虽不至死,可鲜血汩汩地从汪周脖颈上的伤口里涌了出来。

容渟松了手,眼神轻飘飘落向窗外堆放木柴的方向,“别以为我不知道你最近的动静。”

任由他跳,原本只是想让皇后那边,混淆视听。

若不是今日汪周的话刺怒了他,他倒还想继续按捺不动,看汪周自以为是的,在他面前施展一些一眼就能被他看穿的蹩脚手段。

可惜今天他没了逗耗子的心情。

容渟俯身,捡起了地上的药杵药臼,坐在轮椅上,两腿虽因为刚才的发力而剧疼,但脸色如常,坐姿很稳。

他继续捣着他的药,边回想起昨日所见到的,姜娆颈后的那块乌青。

紫青色、手掌大小的乌青,映在她新雪一样细嫩的肌肤上,过分刺眼。

他垂眸,捣药捣得认真。

身上杀气一敛,窗外的阳光照映在他纤瘦的背影上,岁月静好,又成了那个病恹恹的病美人。

汪周捂着自己脖子上的伤口,贴着墙,双腿颤抖地站着,大口大口地喘着气,却像是看怪物一样,看着容渟。

他一身蛮力,从小到大,向来只有他欺负别人的份儿。

若不是脖子上的伤口真的在疼,他甚至以为刚才那只是一场梦。

一想到眼前这个残废竟是个如此深藏不露、如此狠毒的角色,汪周胆战心惊。

这根本不是个软弱的残废!

这就是个疯子!

他逃命一般,踉跄冲出屋外,看着自己满手的血,两手颤抖,停不下来。

弄死容渟的欲望,却更加强烈了起来。

不然,后患无穷。

……

容渟捣好了药。

他挽起了袖子,紧实的小臂上露出一道道或深或浅的伤痕,抬手间变得明晰的肌肉纹路里聚了薄薄的汗。

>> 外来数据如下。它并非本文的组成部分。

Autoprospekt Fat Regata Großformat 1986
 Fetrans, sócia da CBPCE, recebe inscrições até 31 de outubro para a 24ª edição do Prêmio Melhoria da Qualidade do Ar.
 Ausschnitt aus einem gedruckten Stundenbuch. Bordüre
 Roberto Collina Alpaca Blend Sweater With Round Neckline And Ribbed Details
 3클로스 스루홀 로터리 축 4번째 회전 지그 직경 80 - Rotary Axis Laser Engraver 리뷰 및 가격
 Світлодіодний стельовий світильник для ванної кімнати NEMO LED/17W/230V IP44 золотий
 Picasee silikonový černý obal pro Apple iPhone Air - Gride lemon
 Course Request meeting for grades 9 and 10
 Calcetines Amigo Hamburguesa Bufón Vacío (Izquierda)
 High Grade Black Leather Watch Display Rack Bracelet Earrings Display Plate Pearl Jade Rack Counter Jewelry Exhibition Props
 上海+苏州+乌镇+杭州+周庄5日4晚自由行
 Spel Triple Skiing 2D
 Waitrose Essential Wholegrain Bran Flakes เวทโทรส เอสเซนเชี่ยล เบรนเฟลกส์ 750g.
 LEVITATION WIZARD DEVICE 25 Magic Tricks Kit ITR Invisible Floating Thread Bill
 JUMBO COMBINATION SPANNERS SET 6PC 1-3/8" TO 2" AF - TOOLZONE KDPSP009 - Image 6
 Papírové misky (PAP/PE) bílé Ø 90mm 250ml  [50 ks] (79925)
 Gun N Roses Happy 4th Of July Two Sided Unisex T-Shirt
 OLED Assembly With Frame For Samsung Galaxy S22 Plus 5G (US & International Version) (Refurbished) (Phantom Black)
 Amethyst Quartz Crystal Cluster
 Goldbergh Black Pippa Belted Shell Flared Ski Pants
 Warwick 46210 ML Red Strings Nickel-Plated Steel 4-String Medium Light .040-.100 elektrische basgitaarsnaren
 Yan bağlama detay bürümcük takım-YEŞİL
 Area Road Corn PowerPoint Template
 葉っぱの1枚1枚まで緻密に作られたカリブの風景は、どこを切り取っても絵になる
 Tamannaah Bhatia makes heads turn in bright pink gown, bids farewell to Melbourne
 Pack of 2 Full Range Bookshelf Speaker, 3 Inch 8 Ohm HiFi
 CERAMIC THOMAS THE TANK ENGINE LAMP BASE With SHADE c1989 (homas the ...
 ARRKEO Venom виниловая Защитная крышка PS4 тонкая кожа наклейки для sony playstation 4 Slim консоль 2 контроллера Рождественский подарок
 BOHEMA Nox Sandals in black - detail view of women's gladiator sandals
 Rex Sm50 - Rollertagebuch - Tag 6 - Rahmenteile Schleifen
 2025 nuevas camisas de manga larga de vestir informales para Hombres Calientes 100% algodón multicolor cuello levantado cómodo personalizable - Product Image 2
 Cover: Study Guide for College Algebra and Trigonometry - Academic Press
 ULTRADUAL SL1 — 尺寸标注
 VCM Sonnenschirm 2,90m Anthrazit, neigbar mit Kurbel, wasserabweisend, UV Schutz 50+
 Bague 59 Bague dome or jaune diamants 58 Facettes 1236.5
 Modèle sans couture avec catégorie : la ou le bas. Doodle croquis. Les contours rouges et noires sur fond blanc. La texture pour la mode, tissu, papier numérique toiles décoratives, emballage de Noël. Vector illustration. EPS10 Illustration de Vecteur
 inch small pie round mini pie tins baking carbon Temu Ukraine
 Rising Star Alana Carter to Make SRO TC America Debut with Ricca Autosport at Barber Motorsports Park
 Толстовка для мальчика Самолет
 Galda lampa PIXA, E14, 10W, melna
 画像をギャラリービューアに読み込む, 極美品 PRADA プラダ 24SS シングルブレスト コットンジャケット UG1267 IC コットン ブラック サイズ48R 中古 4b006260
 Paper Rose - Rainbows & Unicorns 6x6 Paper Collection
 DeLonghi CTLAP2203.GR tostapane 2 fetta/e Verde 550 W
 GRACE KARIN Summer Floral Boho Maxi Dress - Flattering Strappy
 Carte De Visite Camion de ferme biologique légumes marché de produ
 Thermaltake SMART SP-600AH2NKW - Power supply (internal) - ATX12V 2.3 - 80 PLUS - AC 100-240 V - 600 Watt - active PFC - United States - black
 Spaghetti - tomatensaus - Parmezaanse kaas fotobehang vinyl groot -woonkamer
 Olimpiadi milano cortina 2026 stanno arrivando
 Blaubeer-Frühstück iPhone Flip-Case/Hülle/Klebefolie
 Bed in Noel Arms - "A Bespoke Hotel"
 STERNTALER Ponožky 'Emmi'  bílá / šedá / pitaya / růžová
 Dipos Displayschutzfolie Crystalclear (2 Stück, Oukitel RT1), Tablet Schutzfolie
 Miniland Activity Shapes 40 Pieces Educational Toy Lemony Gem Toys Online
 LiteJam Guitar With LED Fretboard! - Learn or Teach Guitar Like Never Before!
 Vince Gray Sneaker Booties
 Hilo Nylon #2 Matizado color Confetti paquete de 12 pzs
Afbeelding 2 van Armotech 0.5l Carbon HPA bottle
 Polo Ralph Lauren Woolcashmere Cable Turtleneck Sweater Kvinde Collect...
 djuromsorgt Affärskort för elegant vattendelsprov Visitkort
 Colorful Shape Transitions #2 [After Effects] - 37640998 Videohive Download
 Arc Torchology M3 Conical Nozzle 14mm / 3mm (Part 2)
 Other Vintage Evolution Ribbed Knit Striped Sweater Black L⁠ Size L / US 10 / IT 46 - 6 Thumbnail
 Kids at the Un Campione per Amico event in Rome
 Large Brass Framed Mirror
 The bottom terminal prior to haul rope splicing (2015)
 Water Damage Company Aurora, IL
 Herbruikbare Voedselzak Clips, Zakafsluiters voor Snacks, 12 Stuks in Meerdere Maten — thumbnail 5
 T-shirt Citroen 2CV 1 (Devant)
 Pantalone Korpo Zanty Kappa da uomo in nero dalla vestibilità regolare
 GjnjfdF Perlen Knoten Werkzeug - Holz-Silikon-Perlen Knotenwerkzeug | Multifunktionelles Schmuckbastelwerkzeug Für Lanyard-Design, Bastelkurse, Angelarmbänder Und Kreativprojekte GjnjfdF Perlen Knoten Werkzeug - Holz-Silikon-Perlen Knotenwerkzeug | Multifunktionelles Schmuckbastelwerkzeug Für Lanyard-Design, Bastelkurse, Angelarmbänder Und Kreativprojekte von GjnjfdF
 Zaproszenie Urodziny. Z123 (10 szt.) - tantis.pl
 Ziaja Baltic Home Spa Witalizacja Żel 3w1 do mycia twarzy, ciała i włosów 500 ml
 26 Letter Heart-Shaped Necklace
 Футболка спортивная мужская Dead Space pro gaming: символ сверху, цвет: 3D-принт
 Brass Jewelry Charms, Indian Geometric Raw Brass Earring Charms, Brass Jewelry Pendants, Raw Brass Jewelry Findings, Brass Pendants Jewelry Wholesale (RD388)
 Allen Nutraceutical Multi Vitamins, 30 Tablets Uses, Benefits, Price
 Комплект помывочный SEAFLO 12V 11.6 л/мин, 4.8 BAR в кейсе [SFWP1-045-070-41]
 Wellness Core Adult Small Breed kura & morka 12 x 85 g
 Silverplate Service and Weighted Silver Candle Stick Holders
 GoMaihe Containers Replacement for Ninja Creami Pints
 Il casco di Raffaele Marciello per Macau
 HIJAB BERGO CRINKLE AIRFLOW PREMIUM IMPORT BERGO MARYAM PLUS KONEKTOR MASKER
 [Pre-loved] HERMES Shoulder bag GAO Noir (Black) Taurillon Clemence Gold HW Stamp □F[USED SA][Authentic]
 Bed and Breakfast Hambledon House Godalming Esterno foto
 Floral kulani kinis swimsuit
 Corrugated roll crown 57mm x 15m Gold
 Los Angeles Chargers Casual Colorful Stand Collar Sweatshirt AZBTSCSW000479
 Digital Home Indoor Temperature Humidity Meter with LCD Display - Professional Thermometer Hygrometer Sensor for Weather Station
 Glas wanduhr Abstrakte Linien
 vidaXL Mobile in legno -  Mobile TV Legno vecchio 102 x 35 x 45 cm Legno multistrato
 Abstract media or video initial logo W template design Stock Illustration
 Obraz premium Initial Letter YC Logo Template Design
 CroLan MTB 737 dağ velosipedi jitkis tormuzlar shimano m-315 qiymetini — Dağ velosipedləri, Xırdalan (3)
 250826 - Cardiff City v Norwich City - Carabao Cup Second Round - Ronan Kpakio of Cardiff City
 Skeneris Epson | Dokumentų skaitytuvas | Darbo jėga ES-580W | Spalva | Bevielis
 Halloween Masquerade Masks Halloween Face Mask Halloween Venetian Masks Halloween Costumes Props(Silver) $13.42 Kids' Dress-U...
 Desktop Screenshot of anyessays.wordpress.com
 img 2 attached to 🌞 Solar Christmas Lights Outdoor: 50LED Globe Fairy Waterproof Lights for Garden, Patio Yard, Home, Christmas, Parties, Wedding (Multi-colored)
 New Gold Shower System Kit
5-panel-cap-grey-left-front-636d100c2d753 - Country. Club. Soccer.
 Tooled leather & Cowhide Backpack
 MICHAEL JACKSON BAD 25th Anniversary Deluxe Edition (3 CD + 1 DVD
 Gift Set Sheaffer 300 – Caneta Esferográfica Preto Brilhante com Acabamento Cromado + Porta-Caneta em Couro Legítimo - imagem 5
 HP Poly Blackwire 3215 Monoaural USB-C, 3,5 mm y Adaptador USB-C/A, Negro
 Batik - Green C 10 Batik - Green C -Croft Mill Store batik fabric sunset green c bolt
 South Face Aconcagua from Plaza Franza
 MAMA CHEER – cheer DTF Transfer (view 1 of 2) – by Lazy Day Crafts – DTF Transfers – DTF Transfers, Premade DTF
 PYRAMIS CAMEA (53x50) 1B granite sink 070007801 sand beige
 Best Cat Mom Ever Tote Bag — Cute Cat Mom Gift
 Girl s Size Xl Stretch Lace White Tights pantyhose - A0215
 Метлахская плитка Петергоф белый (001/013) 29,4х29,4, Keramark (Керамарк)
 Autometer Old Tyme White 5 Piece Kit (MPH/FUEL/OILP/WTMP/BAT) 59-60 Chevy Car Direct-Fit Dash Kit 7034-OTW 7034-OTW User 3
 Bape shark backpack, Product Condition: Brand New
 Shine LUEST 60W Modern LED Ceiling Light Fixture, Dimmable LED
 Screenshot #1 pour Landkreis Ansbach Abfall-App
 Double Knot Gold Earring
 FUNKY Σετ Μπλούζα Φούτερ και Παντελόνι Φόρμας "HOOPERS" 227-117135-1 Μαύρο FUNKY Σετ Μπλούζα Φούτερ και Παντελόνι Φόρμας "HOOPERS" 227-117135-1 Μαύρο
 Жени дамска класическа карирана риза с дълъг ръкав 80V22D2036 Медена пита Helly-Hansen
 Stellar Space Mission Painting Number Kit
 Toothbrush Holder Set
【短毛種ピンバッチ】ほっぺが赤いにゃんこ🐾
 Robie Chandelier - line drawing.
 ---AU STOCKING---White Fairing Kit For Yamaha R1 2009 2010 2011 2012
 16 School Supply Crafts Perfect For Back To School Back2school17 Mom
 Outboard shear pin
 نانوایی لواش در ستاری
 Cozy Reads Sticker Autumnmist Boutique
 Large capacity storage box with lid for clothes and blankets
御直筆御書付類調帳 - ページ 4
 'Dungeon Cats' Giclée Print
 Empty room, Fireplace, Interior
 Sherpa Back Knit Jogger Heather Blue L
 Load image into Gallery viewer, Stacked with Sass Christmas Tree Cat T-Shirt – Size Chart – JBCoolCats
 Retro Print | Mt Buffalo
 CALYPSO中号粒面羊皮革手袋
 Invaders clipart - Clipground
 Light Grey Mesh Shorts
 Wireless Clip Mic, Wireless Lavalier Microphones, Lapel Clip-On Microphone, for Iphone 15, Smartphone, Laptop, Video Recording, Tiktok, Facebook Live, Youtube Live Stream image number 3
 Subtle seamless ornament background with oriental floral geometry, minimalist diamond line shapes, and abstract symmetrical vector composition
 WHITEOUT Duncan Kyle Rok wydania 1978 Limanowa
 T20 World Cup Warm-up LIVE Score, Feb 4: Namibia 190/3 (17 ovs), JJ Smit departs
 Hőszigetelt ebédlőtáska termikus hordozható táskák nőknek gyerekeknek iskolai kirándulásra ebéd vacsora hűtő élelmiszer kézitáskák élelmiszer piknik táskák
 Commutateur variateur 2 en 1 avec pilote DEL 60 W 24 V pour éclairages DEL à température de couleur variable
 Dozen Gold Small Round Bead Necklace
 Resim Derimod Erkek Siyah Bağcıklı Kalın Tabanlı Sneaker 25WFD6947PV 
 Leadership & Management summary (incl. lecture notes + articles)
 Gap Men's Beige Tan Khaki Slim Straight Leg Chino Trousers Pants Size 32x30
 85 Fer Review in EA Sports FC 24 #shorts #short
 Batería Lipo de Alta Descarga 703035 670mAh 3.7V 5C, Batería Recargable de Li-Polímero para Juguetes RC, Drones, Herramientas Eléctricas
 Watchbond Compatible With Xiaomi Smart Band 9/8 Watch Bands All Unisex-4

他缓缓地把药末装进了油纸的药袋里,唇角若有若无,勾着一道他自己都未曾发觉的踏实笑意。

只是突然之间,容渟的动作却慢了下来,滞住,唇畔浅浅笑意也消了下去。

他捏着药袋,沉默着垂眸。

他这点东西,她会需要吗?

如今他腿伤开始好转,家中不再缺米缺面缺柴,米面俱全,取暖的火炉也没了熄灭的时候,所有的一切,都像梦一样,在朝着好的方向走。

这一切,都是她带来的。

容渟心里却升起一阵无所适从。

在怕。

怕他逐渐深陷的,是一场会结束的幻境。明明他还是那个不被任何人关怀、被辱骂欺负的可怜虫,却把一个人随时可能收回去的好意,当成永远的温暖,去贪恋、去信奉。

他不能放任自己沉沦太深。

半晌后,容渟终于有了动作。

他操控着轮椅,到了院内。

长臂一抬,将油纸袋高高举起,翻倒。

药末纷纷扬扬,从袋口钻了出来,倾泻而下。

不多时,尽数飘散。

容渟看也不看,回屋,将空空的纸袋投入了火里。

火光一瞬间燃得旺了,拉长了他落在地面上的影子。

孤怆的影子,映在灰暗地面上,随着火光的跳跃,微微晃动。

他又将自己裹回到了那层厚厚的、坚硬的壳里,清瘦身影浸没在幽暗中,满是生人勿近的阴暗气息。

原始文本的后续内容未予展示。